La segunda indicación se refiere al servicio a la comunidad: ser sacerdotes capaces de “levantar” en el “desierto” del mundo el signo de la salvación, es decir, la Cruz de Cristo, como fuente de conversión y renovación para toda la comunidad y para el mundo mismo (cf Jn 3, 14-15). En particular, me gustaría subrayar que el Señor muerto y resucitado es la fuerza que crea la comunión en la Iglesia y, a través de la Iglesia, en la humanidad entera. Jesús lo dijo antes de la Pasión: «Cuando sea levantado de la tierra, atraeré a todos hacia mí» (Jn 12, 32). Esta fuerza de comunión se ha manifestado desde el principio en la comunidad de Jerusalén donde – como atestigua el Libro de los Hechos – «la multitud de los creyentes tenía un solo corazón y una sola alma» (4, 32). Era una comunión que se hacía compartiendo de forma concreta los bienes, por lo que “todo era en común entre ellos” (v. ibíd.) y “no había entre ellos ningún necesitado” (v. 34). Pero este estilo de vida de la comunidad era “contagioso” también hacia el exterior: la presencia viva del Señor Resucitado produce una fuerza de atracción que, a través del testimonio de la Iglesia y a través de las diversas formas de anuncio de la Buena Nueva, tiende a alcanzar a todos, ninguno excluido. Ustedes, queridos hermanos, pongan al servicio de este dinamismo también su ministerio específico de Misioneros de la Misericordia. En efecto, tanto la Iglesia como el mundo de hoy tienen necesidad particularmente de la Misericordia para que la unidad deseada por Dios en Cristo prevalezca sobre la acción negativa del maligno que aprovecha muchos medios actuales, en sí mismos buenos, pero que, mal utilizados, en lugar de unir, dividen. Estamos convencidos de que «la unidad es superior al conflicto» (Evangelii gaudium, 228), pero también sabemos que sin la Misericordia este principio no tiene la fuerza para actuarse en lo concreto de la vida y de la historia.

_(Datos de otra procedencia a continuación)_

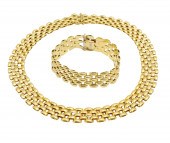 18K YG NECKLACE W/ 14K YG BRAC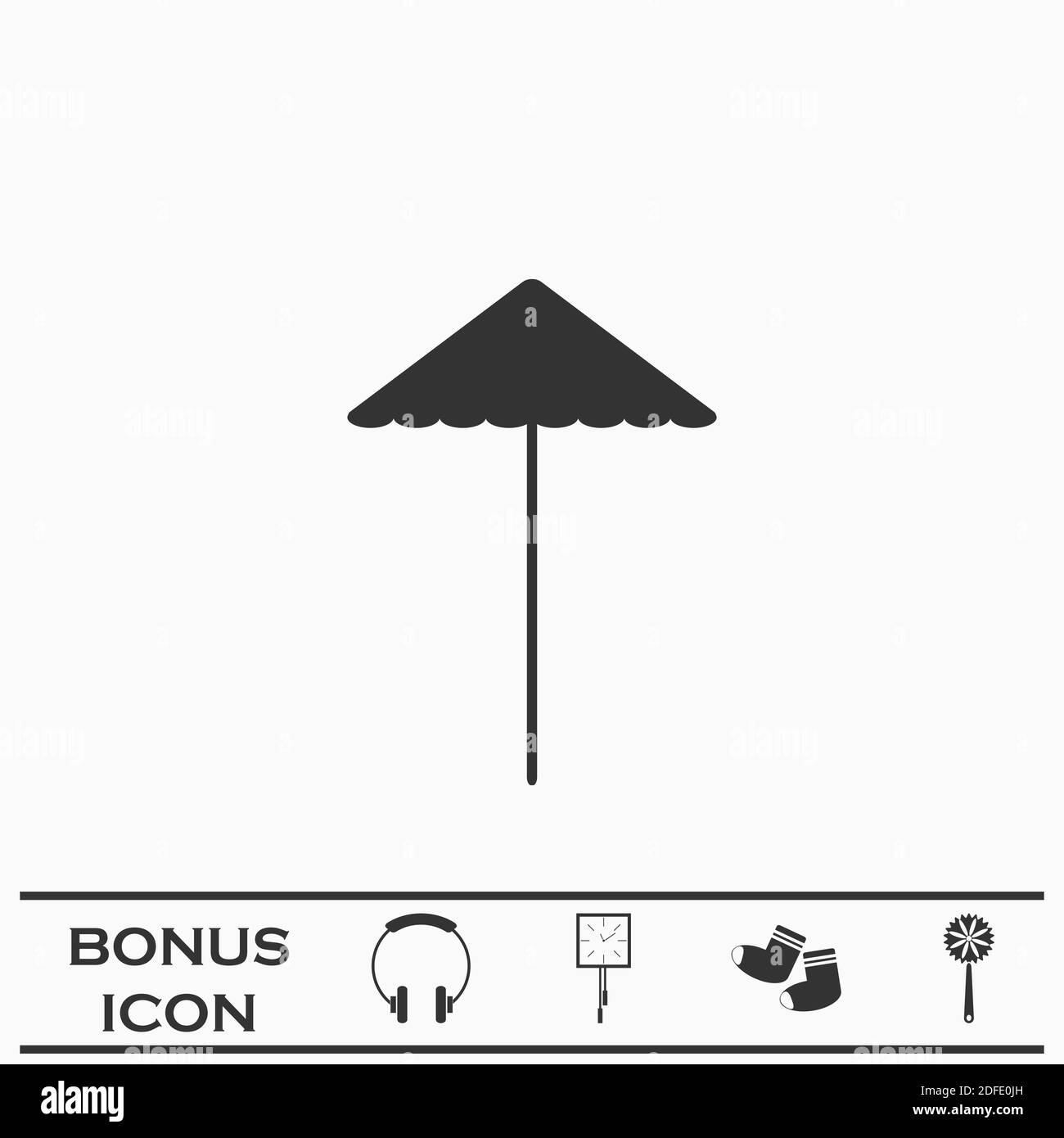 Beach umbrella icon flat. Black pictogram on white background. Vector illustration symbol and bonus button Stock Vector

Queridos hermanos, reinicien desde este encuentro con la alegría de ser confirmados en el ministerio de la Misericordia. Confirmados, antes que nada, en la grata confianza de ser ustedes los primeros llamados a renacer siempre de nuevo “de lo alto”, del amor de Dios. Y al mismo tiempo confirmados en la misión de ofrecer a todos el signo de Jesús “levantado” de la tierra, para que la comunidad sea signo e instrumento de unidad en medio del mundo.